Chi Hung Chan: October 2007

Friday, October 26, 2007

OpenSolaris and Tcl

Just installed OpenSolaris Build 75 and booted it up with xVM (Xen). I tried Brandz before with CentOS 3 with OpenSolaris Build 59, that was quite some time ago. However, I was not very pleased with Brandz running an old Linux kernel 2.4.

Anyway, I need to dig into Xen and tried to understand all the ins and outs. Stay tune, for sure I will blog about my findings.

One of the findings is that Tcl is in the main stream. Also, Tcl binding for PostgreSQL is fully integrated too.

In Solaris 10, it used to be in /usr/sfw (Sunfreeware) directory and is running a pretty old version Tcl 8.3.3.

# pkginfo | grep -i tcl
system      SUNWTcl                          Tcl - Tool Command Language
system      SUNWTk                           Tk - TCL GUI Toolkit
system      SUNWpostgr-82-pl                 PostgreSQL 8.2 additional Perl, Python & TCL server procedural languages
system      SUNWpostgr-82-tcl                Tcl binding library for PostgreSQL 8.2
system      SUNWpostgr-tcl                   A Tcl client library for PostgreSQL

# pkginfo -l SUNWTcl
   PKGINST:  SUNWTcl
      NAME:  Tcl - Tool Command Language
  CATEGORY:  system
      ARCH:  i386
   VERSION:  11.11.0,REV=2007.10.02.00.53
   BASEDIR:  /
    VENDOR:  Sun Microsystems, Inc.
      DESC:  Tcl - Tool Command Language (8.4.14)
    PSTAMP:  sfwnv-x20071002010749
  INSTDATE:  Oct 26 2007 13:40
   HOTLINE:  Please contact your local service provider
    STATUS:  completely installed
     FILES:      736 installed pathnames
                   9 shared pathnames
                  17 directories
                   3 executables
               10154 blocks used (approx)

Labels: opensolaris, Tcl

Wednesday, October 17, 2007

Table^10

If you watch TV often enough, you will probably come across this ad about the new web site, Mocca.com (MediaCorp Online Communities and Classified Advertising).

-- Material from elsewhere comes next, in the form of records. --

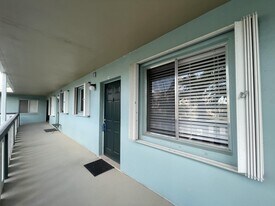 306 E Ocean Ave in Boynton Beach, FL - Building Photo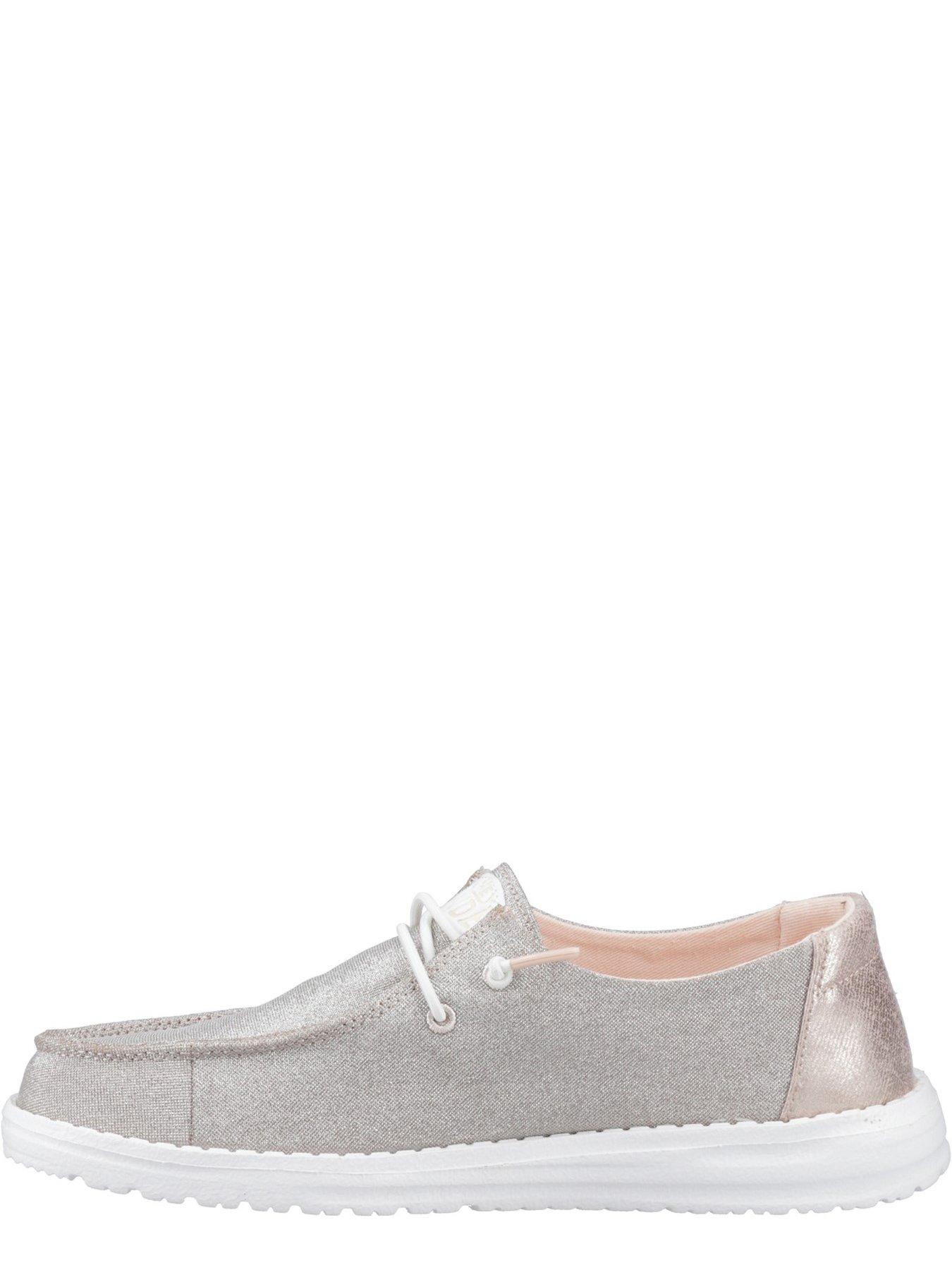 heydude-wendy-metallic-sparkle-shoeoutfit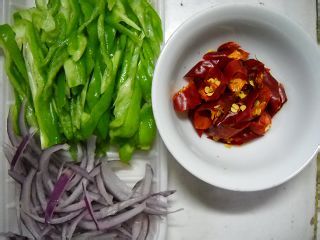 葱爆鱿鱼丝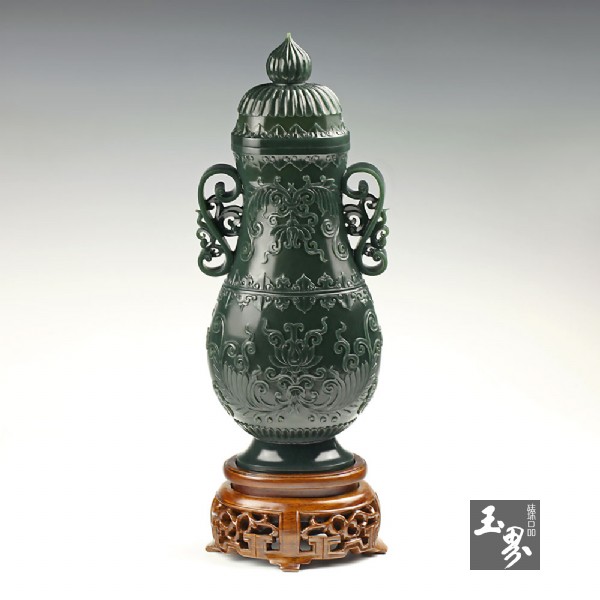 和田青玉-纏枝花卉薄胎瓶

The above site looks pretty good on my Firefox with a response time of about 3 seconds for 121 requests (413KB in total). The result is based on the Firefox Add-on, Firebug. 100+ requests is considered quite a lot.

What I normally do when I find the site "interesting" is to look at the HTML code. Guess what, I realised that there is a lot issues with the HTML source.

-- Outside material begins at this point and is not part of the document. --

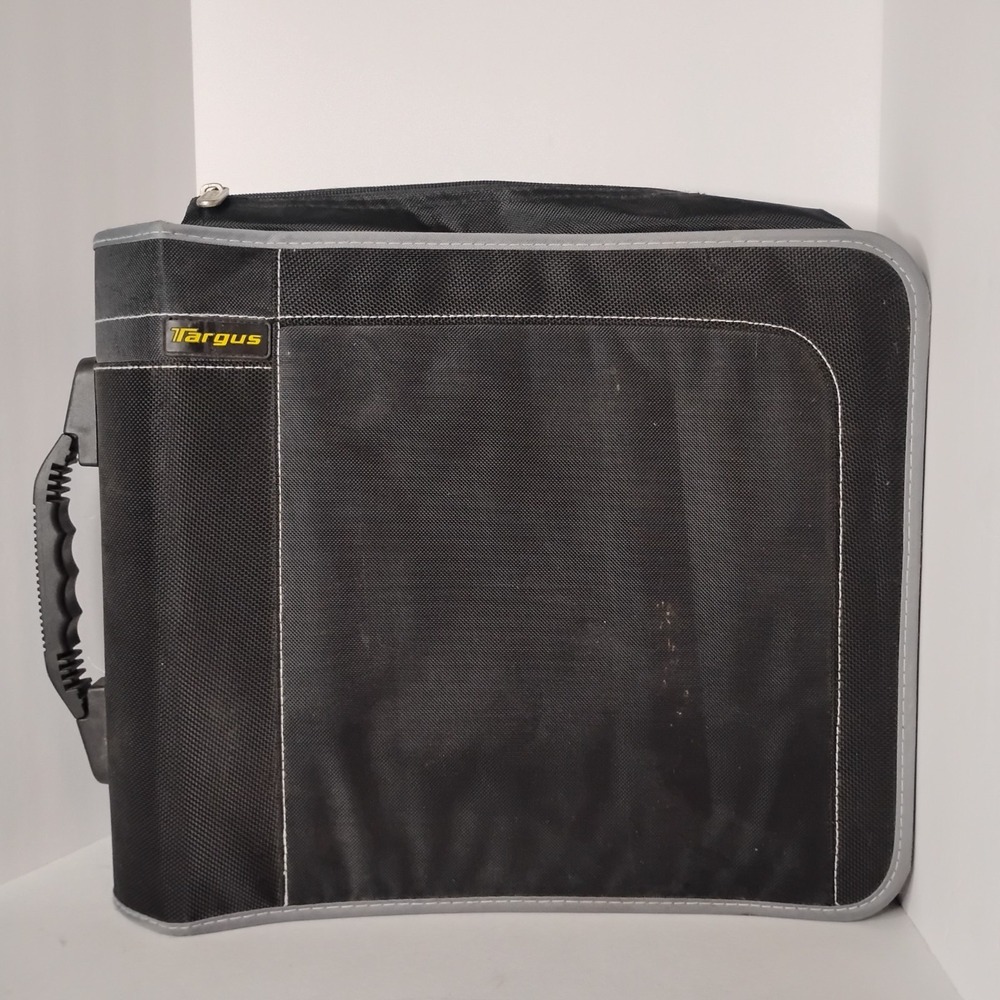 Targus Matrix 320 CD, DVD, Blu Ray, Video Game Storage Case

The redirection is not done properly. Normally it will be redirected to the location via the Location or Content-Location header to avoid additional overhead from browser to render the HTML code. Also, the HTML is definitely ill-formed and not complete.

$ curl --dump-header /dev/tty http://mocca.com/
HTTP/1.1 200 OK
Content-Length: 61
Content-Type: text/html
Content-Location: http://mocca.com/index.htm
Last-Modified: Wed, 26 Sep 2007 09:30:19 GMT
Accept-Ranges: bytes
ETag: "b8a39eda1f0c81:17de"
X-Powered-By: ASP.NET
Date: Tue, 16 Oct 2007 08:46:21 GMT
Server: Concealed by Juniper Networks DX
Via: 1.1 MC-LB1 (Juniper Networks Application Acceleration Platform - DX 5.2.5 0)
Set-Cookie: rl-sticky-key=caacb80750; path=/; expires=Tue, 16 Oct 2007 09:31:03GMT

<META HTTP-EQUIV="Refresh" CONTENT="1; URL=/portal/site/cas">

When I fetched the home page http://mocca.com/portal/site/cas, I realised that the HTML code has the <title> node before the <html> node. If you were to convert the HTML to a DOM tree, you may likely get 1 node in the tree. Also, I submitted the URL to W3C HTML Validation Service, and it reported 218 Errors.

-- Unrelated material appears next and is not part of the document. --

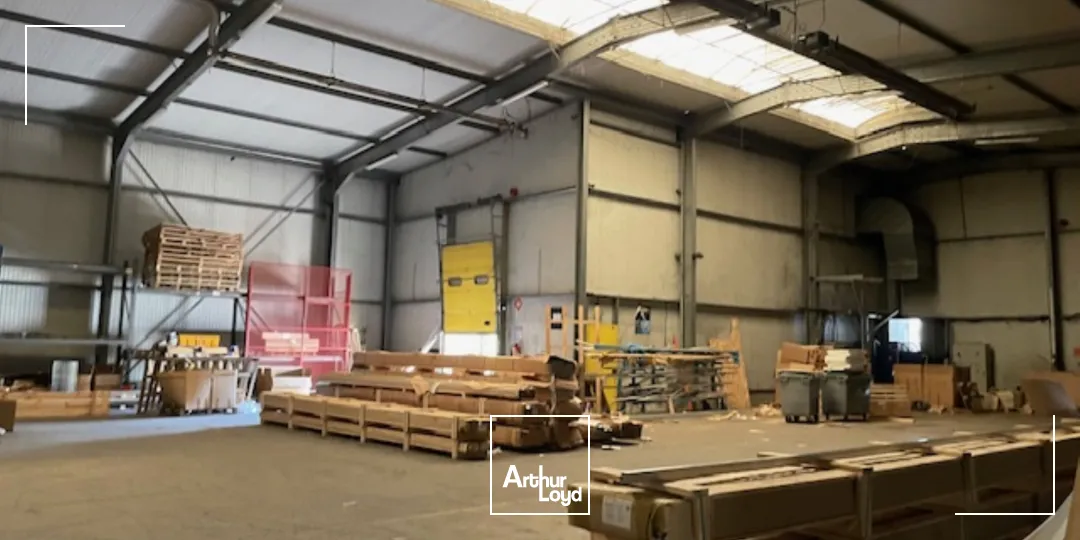 Locaux d'activité & Entrepôts - Location - VILLERS COTTERETS - 02600 - 860-860 - 7752462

$ curl --silent http://mocca.com/portal/site/cas 2>&1 | awk '$0!~/^$/{print}' | head -10

<title>MediaCorp Mocca </title>
<html xmlns="http://www.w3.org/1999/xhtml">
        <head>

<link href="/vgn-ext-templating/common/styles/vgn-ext-templating.css" rel="stylesheet" type="text/css"></link>
          <script language="JavaScript" src="/portal/jslib/form_state_manager.js"></script>
          <noscript>In order to bring you the best possible user experience, this site uses Javascript. If you are seeing this message, it is likely that the Javascript option in your browser is disabled. For optimal viewing of this site, p
lease ensure that Javascript is enabled for your browser.
          </noscript>
                <base target="_top">

I realised there is a lot of table within table within table. Hey, that's interesting. At the back of my mind I was wondering how deep is this nesting of tables going to be. A Tcl program with tDOM extension should do the job. Of course I have to remove the first <title> before the parsing, otherwise I will end up with 1 node in the tree.

package require tdom

proc howdeep { node } {
 set l [split [$node toXPath] /]
 set n [llength $l]
 set count 0
 for { set i 0 } { $i < $n } { incr i } {
  if { [string match -nocase "table*" [lindex $l $i]] } {
   incr count
  }
 }
 return $count
}

set html index.html-modified
set doc [dom parse -html [tDOM::xmlReadFile $html]]
set root [$doc documentElement]

set max 0
set maxnode {}
foreach table [$root selectNodes {//table}] {
 set level [howdeep $table]
 if { $level > $max } {
  set max $level
  set maxnode $table
 }
}
puts $max
puts [llength [$root selectNodes {//table}]]
puts [$maxnode toXPath]

Output of this program:

10
144
/html/body/table/tr[2]/td[2]/table/tr[2]/td/table/tr/td[3]/table/tr/td/table/tr/td/table[1]/tr/td[1]/table/tr[2]/td[2]/table/tr/td[1]/table/tr[1]/td/table

Wow, we are talking about a nesting of 10 levels of <table> and a total of 144 tables, that's a lot! So, what's the conclusion.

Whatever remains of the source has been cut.